Example: On-Device Display
When approving an escalated action:
Approve Escalated Action
Action ID: 42
When registering an agent:
Register AI Agent
Agent ID: my-trader
Agent Wallet: 0x7a25...488D
Spend Limit: 1.0 ETH
Ledger Live App
The ENShell Ledger Live app is a Next.js application that runs inside Ledger Live Desktop, providing agent management through the Ledger Wallet API.
Stack: Next.js + React + TypeScript + Ledger Wallet API
Features
- Agent list -- Displays all agents registered by the connected Ledger wallet (filtered by
ownerfield) - Freeze / Activate -- Toggle agent status with hardware wallet signing
- Register Agent -- Create new agents with spend limits and wallet addresses
- Empty state -- Clean message when no agents are associated with the connected wallet
All transactions are signed on the Ledger device itself. Combined with the ERC-7730 descriptor, users see exactly what they're approving.
How to Test
-
Enable Developer Mode in Ledger Live Desktop:
- Settings > About > click the version number 10 times
- Go to the Developer tab that appears
-
Add the local app:
- Click "Add a local app"
- Browse to
public/manifest.jsonin the enshell-ledger-live repository
-
Run the dev server:
cd ~/www/enshell-ledger-live
npm run dev # Port 3000
- Open ENShell in Ledger Live and connect an Ethereum account
Wallet API Integration
The app uses the Ledger Wallet API to:
- Get connected accounts -- reads the active Ethereum account from the Ledger device
- Sign transactions -- routes transaction signing through the physical device
- Filter agents -- matches the connected account address against agent
ownerfields on-chain
Architecture Note
The Ledger Live app connects to the same AgentFirewall contract on Sepolia. When a user freezes or activates an agent through Ledger Live, it's the same deactivateAgent() / reactivateAgent() contract call that the CLI uses -- just signed via the Ledger device instead of WalletConnect or an environment private key.
The app manifest (public/manifest.json) configures Ledger Live to load the app from http://localhost:3000 during development. For production, this would point to a hosted URL.
Using Ledger with the CLI
If your Ledger is connected via WalletConnect (through Ledger Live's WalletConnect support or MetaMask with a Ledger hardware wallet), the CLI works seamlessly:
enshell connect # Scan QR with Ledger-connected wallet
enshell protect --id my-agent --target 0x... --value 0.05 --instruction "..."
The CLI shows "approve in your wallet" during transaction signing.

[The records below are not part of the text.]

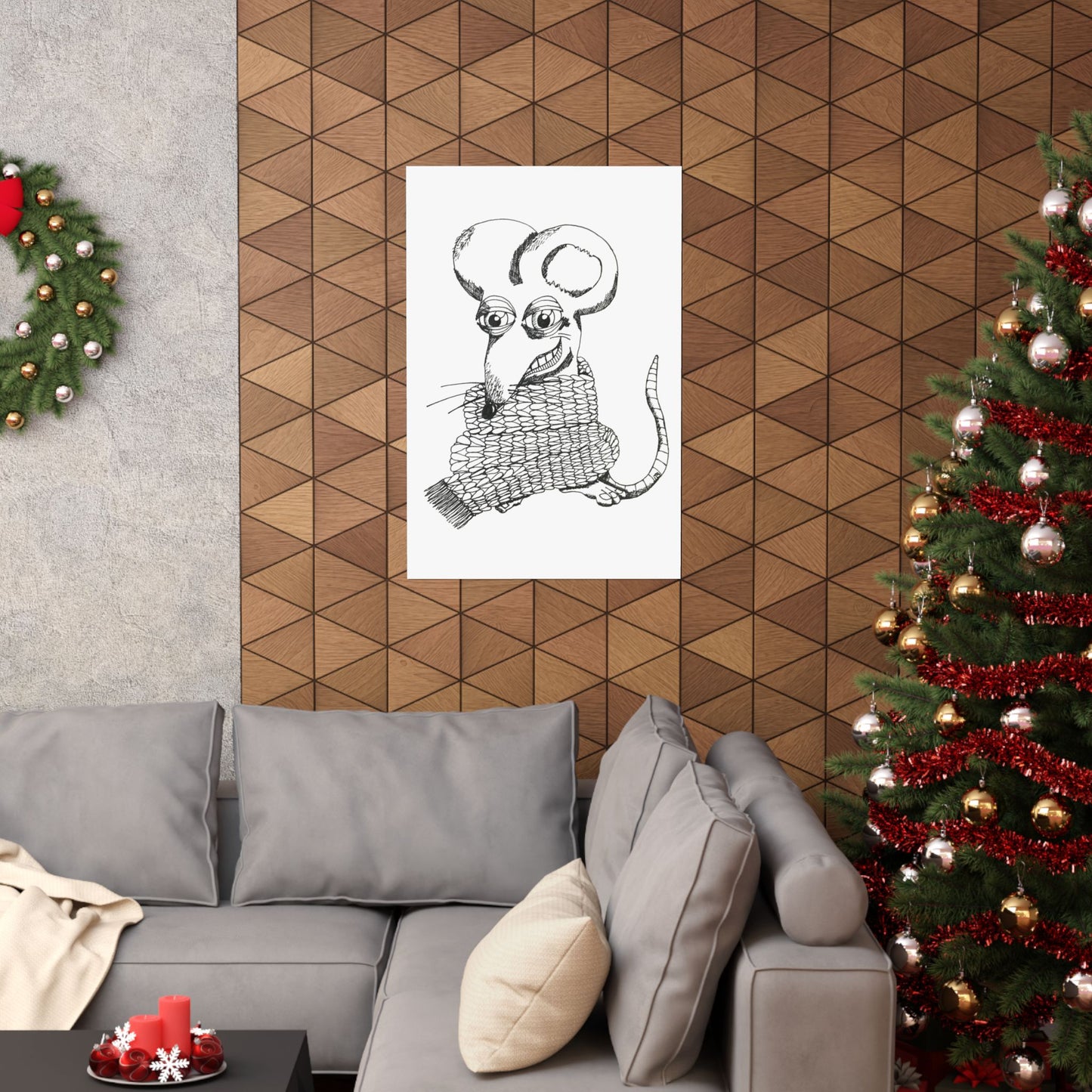 Mouse Wearing Scarf Poster — Black & White Sketch Matte Vertical Art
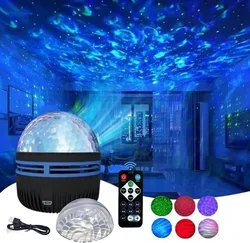 1szt Projektor fal oceanicznych Projektor gwiazd Projektor wody Galaxy Projektor Lampka nocna Wzory Światło galaktyki północnej Ładowanie USB Kolor RGB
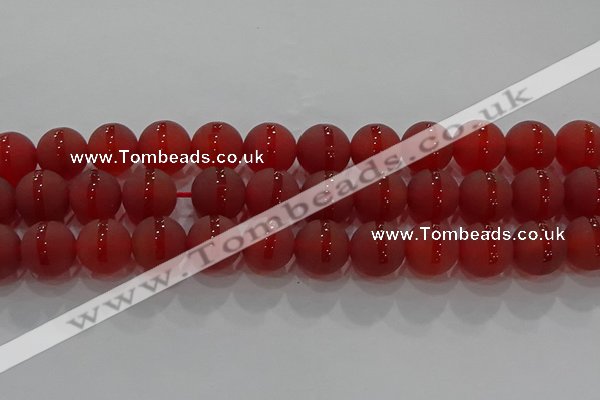 CAG8904 15.5 inches 12mm round matte red agate beads wholesale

The Ledger device displays the ERC-7730 clear-signed transaction details for review.
For escalated actions, the full flow is:
- CLI displays Claude's analysis
- User types
yto approve - CLI sends
approveAction()transaction - Ledger device shows "Approve Escalated Action - Action ID: 42"
- User confirms on-device
- Transaction is broadcast
This provides a complete security chain: AI analysis (Claude) + human review (CLI display) + hardware attestation (Ledger signing).